··· RECORDED DATA

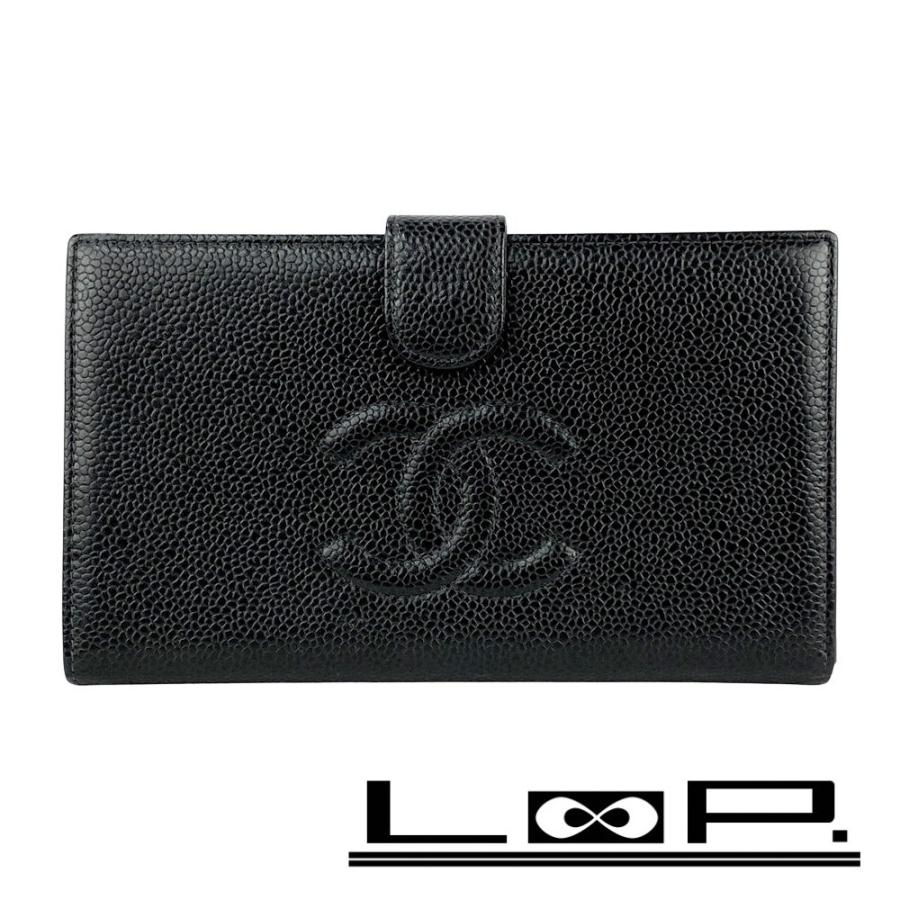 シャネル ■美品■ 長財布 ウォレット ココマーク キャビアスキン ブラック A13498 【547263】13 | 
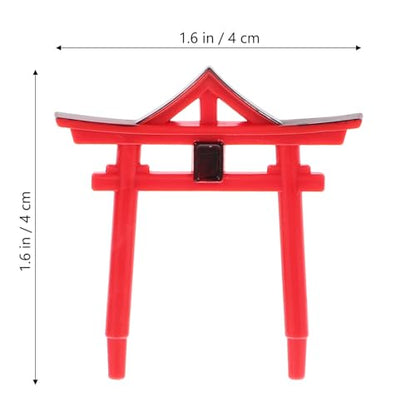 Yardwe Aquarium Torii Gate Fish Tank Decor 3-Pack Japanese Shinto Temple Resin Sculpture Weatherproof Micro Garden Ornament Aquarium Accessories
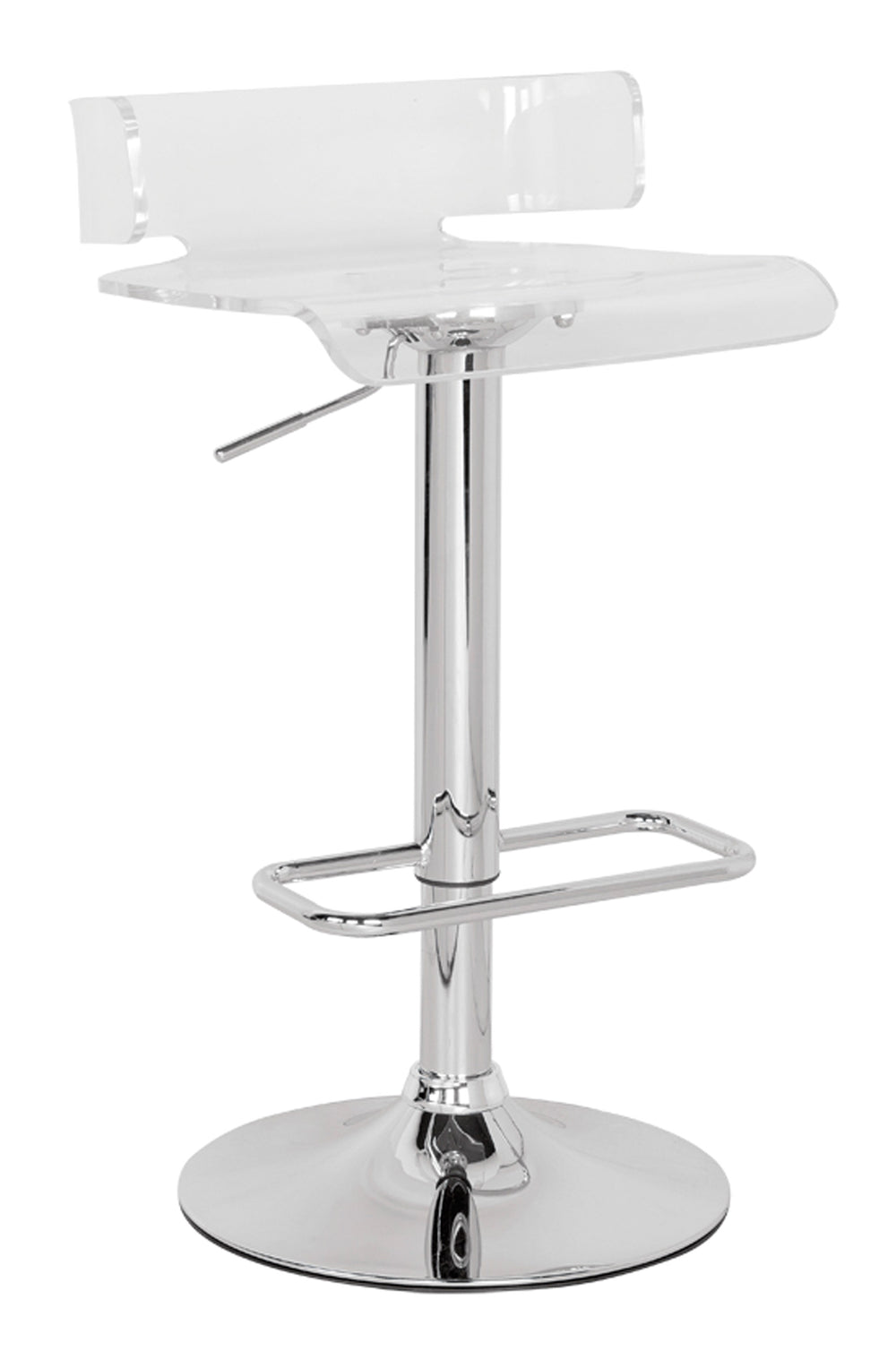 English Elm Rania Clear Acrylic Adjustable Swivel Stool with Chrome Base, Footrest & 22"-31" Lift Height - Modern B2726P338127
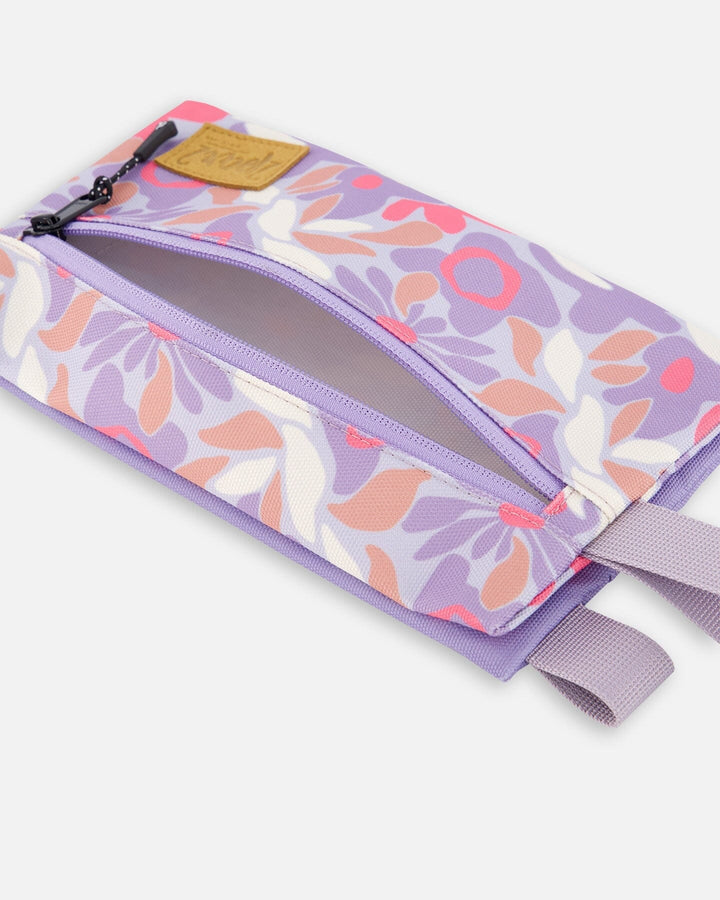 Double Pencil Case Lilac Retro Flower Print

······

YOUR GOAL
Once the pictures are set aside, transcribe the remaining lines above exactly.

EXERCISE OUTPUT
 シャネル ■美品■ 長財布 ウォレット ココマーク キャビアスキン ブラック A13498 【547263】13 | 
 Yardwe Aquarium Torii Gate Fish Tank Decor 3-Pack Japanese Shinto Temple Resin Sculpture Weatherproof Micro Garden Ornament Aquarium Accessories
 English Elm Rania Clear Acrylic Adjustable Swivel Stool with Chrome Base, Footrest & 22"-31" Lift Height - Modern B2726P338127
 Double Pencil Case Lilac Retro Flower Print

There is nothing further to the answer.